Making paper is messy, Hilliard students learn
By Kevin Kelley
Westlake
Published March 10, 2010

Students at Hilliard Elementary School had the benefit of an artist in residence during their art classes recently.

Art teacher Will Wilson welcomed Tom Balbo, founder and executive director of the Morgan Art of Papermaking Conservatory & Educational Foundation, to his classroom last week.

The conservatory, which opened more than a year ago, is a nonprofit art center dedicated to the preservation of handmade papermaking and the art of the book, Balbo said.

So it’s not surprising, then, that Balbo and three assistants from the conservatory helped the students make their own paper from scratch.

Students used mesh screens to collect cotton fibers that had been placed in a vat of water. The screens were then pressed onto a surface.
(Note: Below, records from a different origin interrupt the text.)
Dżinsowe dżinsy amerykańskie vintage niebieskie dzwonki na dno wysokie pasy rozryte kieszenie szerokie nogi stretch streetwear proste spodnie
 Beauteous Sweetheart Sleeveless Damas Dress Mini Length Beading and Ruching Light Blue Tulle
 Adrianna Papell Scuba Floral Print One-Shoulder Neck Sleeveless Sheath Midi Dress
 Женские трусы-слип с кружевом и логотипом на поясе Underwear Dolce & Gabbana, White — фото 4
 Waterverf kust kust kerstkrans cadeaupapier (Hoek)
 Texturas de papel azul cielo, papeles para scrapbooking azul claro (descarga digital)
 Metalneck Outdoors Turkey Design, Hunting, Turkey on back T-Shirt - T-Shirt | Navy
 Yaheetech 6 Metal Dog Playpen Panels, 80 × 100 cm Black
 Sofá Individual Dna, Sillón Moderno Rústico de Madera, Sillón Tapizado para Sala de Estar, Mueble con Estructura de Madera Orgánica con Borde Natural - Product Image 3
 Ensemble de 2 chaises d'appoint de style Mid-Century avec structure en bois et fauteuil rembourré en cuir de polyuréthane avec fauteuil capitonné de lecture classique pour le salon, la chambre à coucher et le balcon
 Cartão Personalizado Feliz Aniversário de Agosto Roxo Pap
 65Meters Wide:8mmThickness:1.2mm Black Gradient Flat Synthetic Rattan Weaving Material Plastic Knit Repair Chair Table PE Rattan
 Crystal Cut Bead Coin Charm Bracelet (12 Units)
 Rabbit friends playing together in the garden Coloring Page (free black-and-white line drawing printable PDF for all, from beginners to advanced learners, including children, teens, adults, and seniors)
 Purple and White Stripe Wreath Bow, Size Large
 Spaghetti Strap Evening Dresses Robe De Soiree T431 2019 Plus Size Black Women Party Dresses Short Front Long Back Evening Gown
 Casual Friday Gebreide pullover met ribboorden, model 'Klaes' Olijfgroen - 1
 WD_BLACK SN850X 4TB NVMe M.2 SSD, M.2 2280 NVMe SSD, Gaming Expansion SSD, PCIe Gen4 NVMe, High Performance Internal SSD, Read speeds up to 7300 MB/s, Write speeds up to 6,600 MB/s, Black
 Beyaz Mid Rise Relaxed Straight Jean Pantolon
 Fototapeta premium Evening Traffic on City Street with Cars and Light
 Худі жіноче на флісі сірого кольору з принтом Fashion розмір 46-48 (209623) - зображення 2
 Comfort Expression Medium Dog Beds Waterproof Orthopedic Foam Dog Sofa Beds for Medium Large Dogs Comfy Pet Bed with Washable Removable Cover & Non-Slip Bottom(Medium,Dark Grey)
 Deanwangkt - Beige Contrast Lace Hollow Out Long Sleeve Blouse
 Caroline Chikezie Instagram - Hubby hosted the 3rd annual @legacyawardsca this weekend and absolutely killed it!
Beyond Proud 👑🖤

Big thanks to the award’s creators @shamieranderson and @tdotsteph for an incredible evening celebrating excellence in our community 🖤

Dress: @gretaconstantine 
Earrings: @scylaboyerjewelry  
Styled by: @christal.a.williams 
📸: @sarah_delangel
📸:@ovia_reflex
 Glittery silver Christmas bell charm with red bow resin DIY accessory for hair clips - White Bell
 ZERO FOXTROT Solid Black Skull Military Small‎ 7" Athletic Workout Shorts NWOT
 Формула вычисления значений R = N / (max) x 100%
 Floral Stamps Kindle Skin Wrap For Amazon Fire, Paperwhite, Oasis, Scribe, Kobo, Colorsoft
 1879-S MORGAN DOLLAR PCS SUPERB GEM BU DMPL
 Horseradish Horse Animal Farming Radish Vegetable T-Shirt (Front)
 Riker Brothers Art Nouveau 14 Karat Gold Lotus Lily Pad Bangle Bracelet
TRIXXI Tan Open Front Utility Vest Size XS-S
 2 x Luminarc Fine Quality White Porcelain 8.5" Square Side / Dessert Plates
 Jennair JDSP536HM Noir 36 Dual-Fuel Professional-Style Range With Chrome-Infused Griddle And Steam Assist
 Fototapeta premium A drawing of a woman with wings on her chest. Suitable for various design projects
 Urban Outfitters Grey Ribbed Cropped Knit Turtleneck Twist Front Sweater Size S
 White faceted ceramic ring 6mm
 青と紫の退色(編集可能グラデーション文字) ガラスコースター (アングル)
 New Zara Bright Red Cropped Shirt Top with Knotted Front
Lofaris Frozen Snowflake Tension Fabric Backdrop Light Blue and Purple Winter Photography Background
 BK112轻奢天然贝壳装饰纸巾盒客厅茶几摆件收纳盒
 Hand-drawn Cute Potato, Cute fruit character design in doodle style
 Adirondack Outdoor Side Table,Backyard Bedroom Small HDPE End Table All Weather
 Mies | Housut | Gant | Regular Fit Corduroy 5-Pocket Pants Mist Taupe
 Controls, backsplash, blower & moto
The still wet pulp was later taken to the conservatory and placed in a dry box before being returned to the school a few days later.

Balbo said the simple sheetforming assignment is a good introduction for elementary students to paper arts.

“It’s a way of getting kids used to and interested in the arts,” he told West Life.

Hilliard Elementary students Tommy Geirguis, Nicolas Hong and Connor Scully watch Juma Ali scoop the paper slurry into the “frame and deckle” while Marcus Brathwaite of the Morgan Paper Conservatory gives instructions.

Students also had the option of using stencils to add various colorful designs to their homemade sheets of paper.

“Each class has done a group project as well as lots of individual sheets,” Wilson explained. The group project consisted of a large, 30-by-44-inch homemade sheet of paper on which each student creatively placed a individual stencil design.

Wilson said the project was popular with most students.

“It’s a lot messier,” he said, “so a lot of the kids like it a lot more.”

Most of the third-grade art students observed Friday donned old shirts, and even boots, to avoid staining their regular clothing.

Balbo, who grew up in Lakewood and has worked as a studio artist for 30 years, leads such projects at area schools once or twice a month, he said.